Mon, Dec 08, 2014 - Page 9 News List

‘Superbugs’ killing Indian babies pose global threat

As the overuse of antibiotics and chronic sanitation issues that plague the nation breed bacteria resistant to most known drugs that are wreaking devastation locally, similar problems abroad are causing worldwide alarm

By Gardiner Harris  /  NY Times News Service, AMRAVATI, India

Illustration: Yusha

A deadly epidemic that could have global implications is quietly sweeping India, leaving among the many victims in it wake tens of thousands of newborns who are dying because once-miraculous cures no longer work.

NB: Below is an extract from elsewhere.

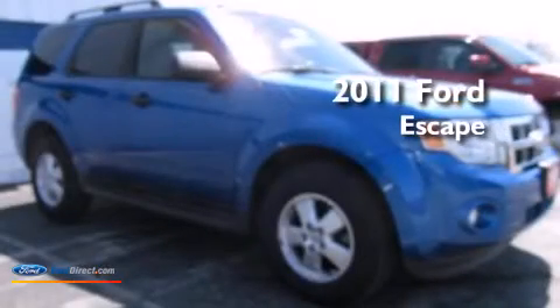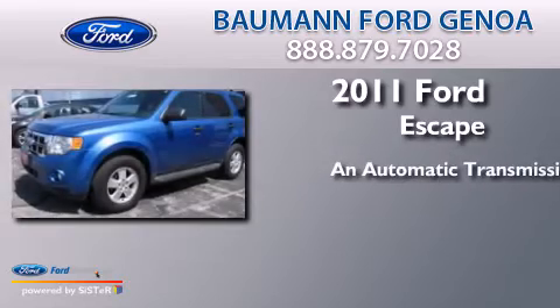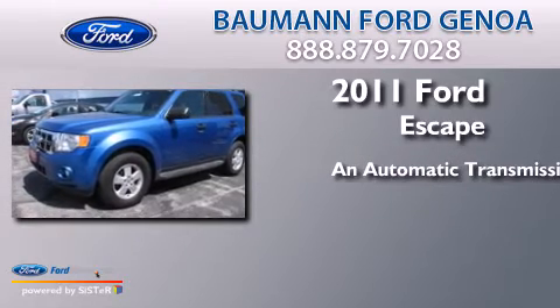This is a 2011 Ford Escape. This crossover has an automatic transmission and an inline four-cylinder engine.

These infants were born with bacterial infections that are resistant to most known antibiotics, with more than 58,000 dying last year as a result, a recent study found. While that is still a fraction of the nearly 800,000 newborns who die annually in India, the nation’s pediatricians say the rising toll of resistant infections could soon swamp efforts to improve the country’s abysmal infant mortality rate: Nearly one-third of the world’s newborn deaths occur in India.

“Reducing newborn deaths in India is one of the most important public health priorities in the world and this will require treating an increasing number of neonates who have sepsis and pneumonia,” said Vinod Paul, who led the study and is chief of pediatrics at the All India Institute of Medical Sciences.

“But if resistant infections keep growing, that progress could slow, stop, or even reverse itself, and that would be a disaster for not only India, but the entire world,” he said.

At neonatal intensive care wards in five Indian states, doctors reported being overwhelmed by such cases.

“Five years ago, we almost never saw these kinds of infections,” said Neelam Kler, chairwoman of the department of neonatology at New Delhi’s Sir Ganga Ram Hospital, one of India’s most prestigious private hospitals. “Now, close to 100 percent of the babies referred to us have multi-drug-resistant infections. It’s scary.”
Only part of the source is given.